Task directions
Please make an exact copy of the lines from the one holding "Letjolt Wedding Banner" through the end of the data, both ends included, with no pictures.

The data
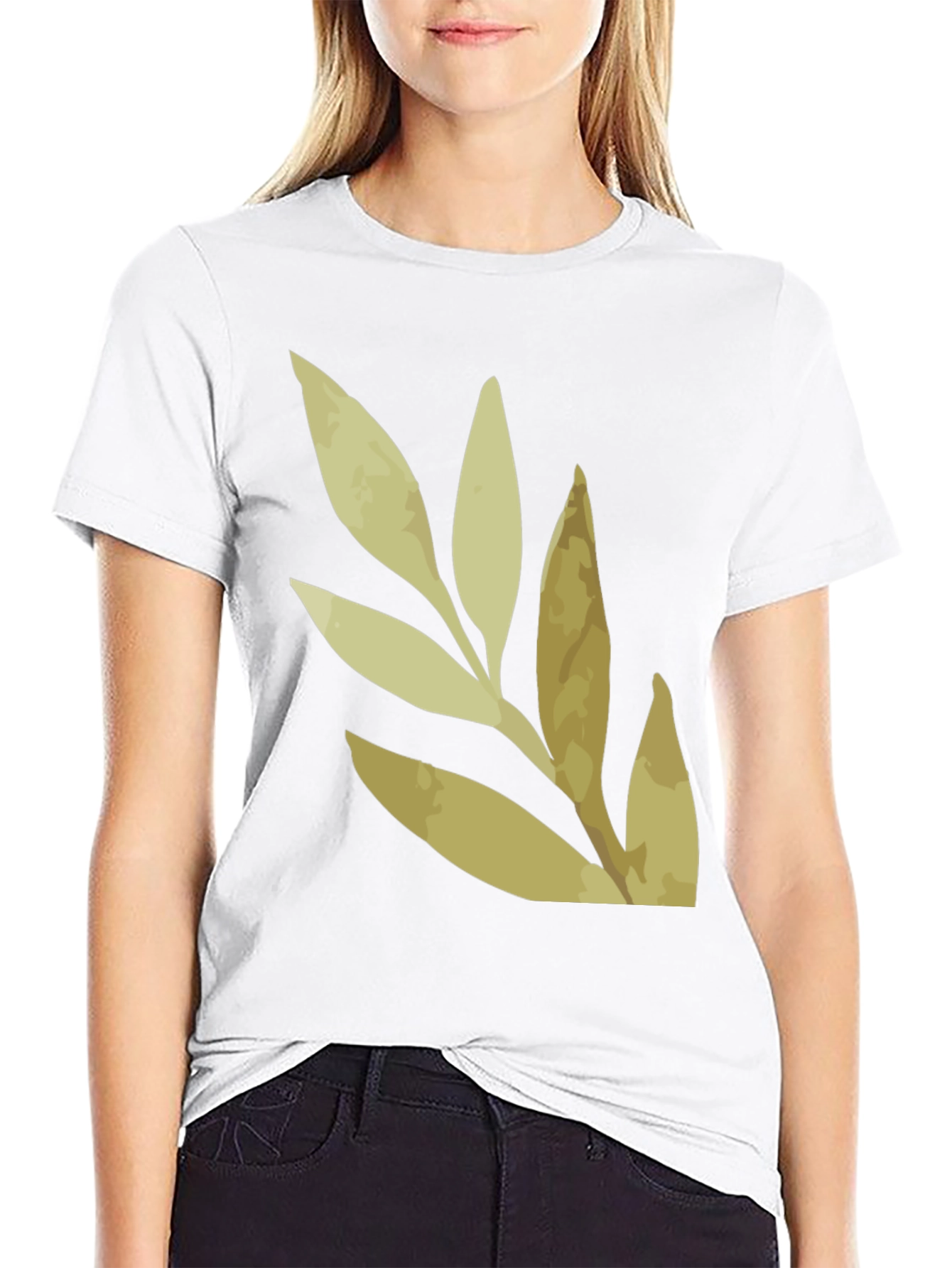 Botanical Leaf Print Black T-Shirt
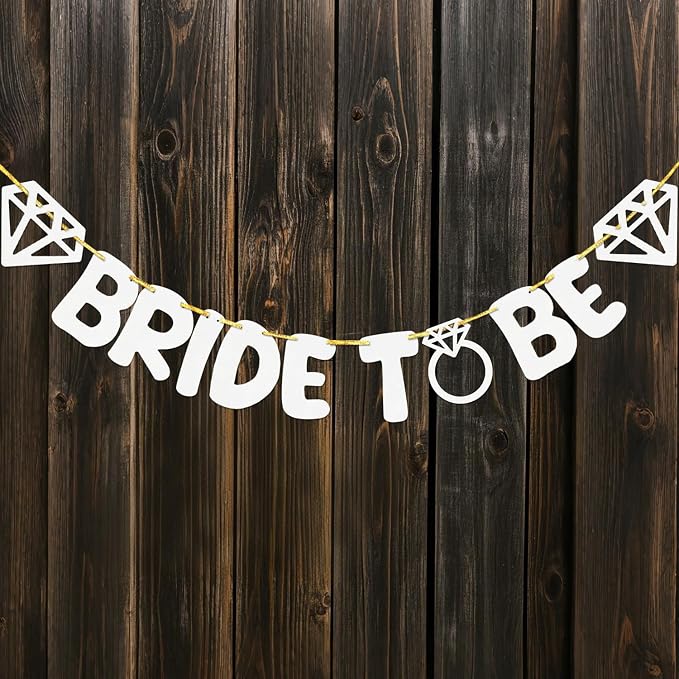 Letjolt Wedding Banner Decorations White Bride to Be Paper Garland Supplies | by Letjolt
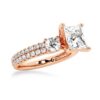 925 Sterling Silver NEW Double Row Pave Three Stone Princess Cut Diamond Engagement Ring - Image 10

Exercise output
 Letjolt Wedding Banner Decorations White Bride to Be Paper Garland Supplies | by Letjolt
 925 Sterling Silver NEW Double Row Pave Three Stone Princess Cut Diamond Engagement Ring - Image 10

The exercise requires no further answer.